Spiral vee refers to the way in which the area of the bottom behind the vee --(created in part by the double concave)--becomes flat as it leaves the vee and exits the tail. That is to say--the vee does not extend right through the tail---it is not continuous. Continuous vees tend to track/creating problems with direction changes--whereas spiral vees do not. Also--converting the vee into a flat area behind the back fin has the effect of creating extra tail lift (rocker). This extra lift helps facilitate late takeoffs, and makes the board looser--with a negligible reduction in drive.

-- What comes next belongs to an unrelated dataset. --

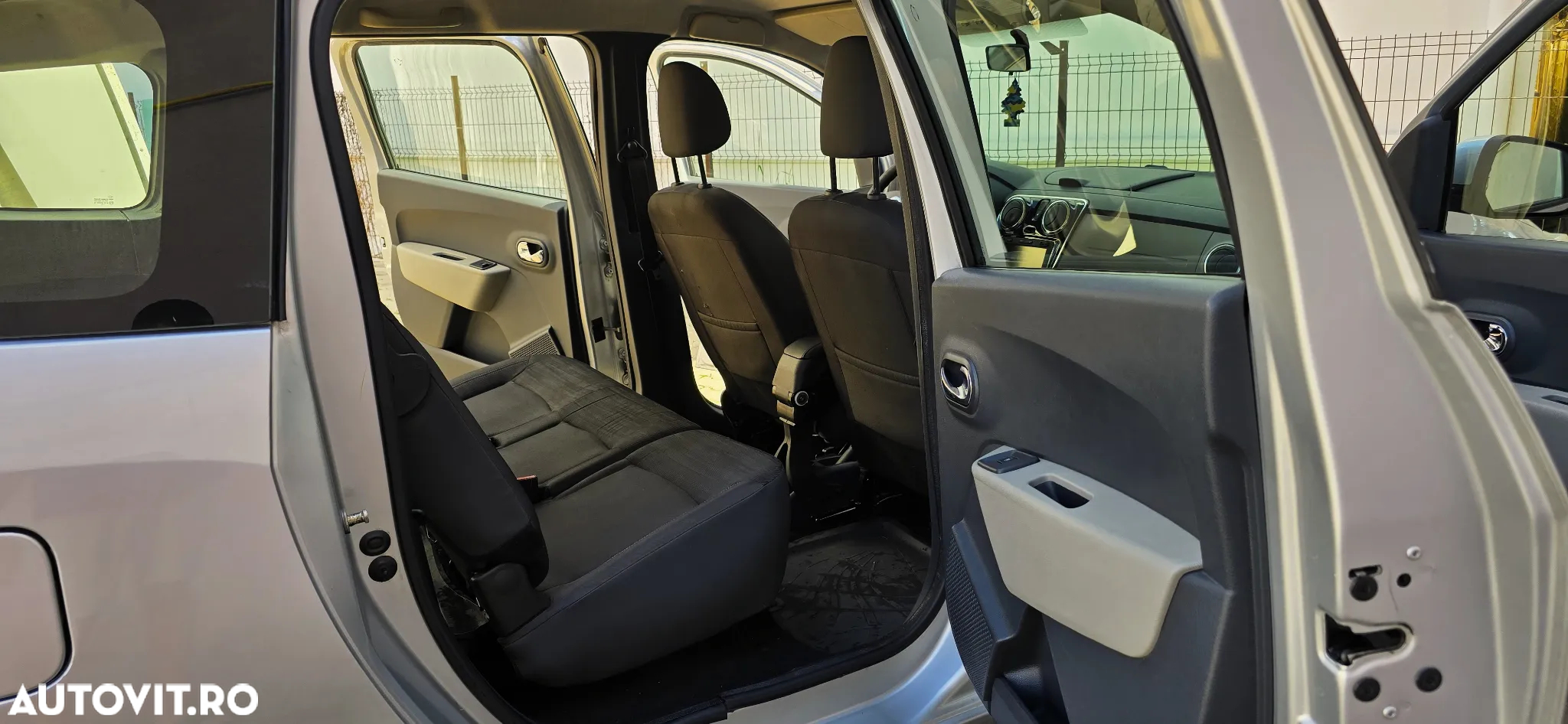Dacia Lodgy dCi 110 Celebration - 13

4. Why is the tail so thick?
Tail thickness is deliberately chunky for 2 reasons.
  1. Maintaining thickness distribution for better all round flotation.
  2. To help keep the board up on top of the water as its surfed---so it doesn’t "bog down" in slow sections or in small gutless surf.
5. Why does it have a concave?
The single into double concave bottom makes the board faster. This is because the water flowing first through the single concave, is compressed into the narrower double concaves---in turn lifting the board and reducing friction. Concaves also contribute to speed by creating a fine air pocket of bubbles between the water and surfboard bottom---thereby reducing friction/drag.

The V-SKATE has a touch less volume than the WATERSKATE -- between 4%-6% -- however in practice this is barely a just noticeable difference. Therefore -- if you are trying to decide between the two, the variable of flotation should not be weighted too highly. Here is what we generally recommend for various weights. Experienced surfers may wish to ride shorter than this. These are general recommendations only. Grant will carefully assess your situation with you at time of ordering.

Weight /length ratio:
75/80kg: 6'4", 6'6"
80/90kg: 6'6"‚ 6'8"
90/95kg: 6'8"‚ 6'10"
95/100kg: 6'10"‚ 7'0"
100/110kg: 7'0"‚ 7'4"
110/120kg: 7'6"‚ 8'0"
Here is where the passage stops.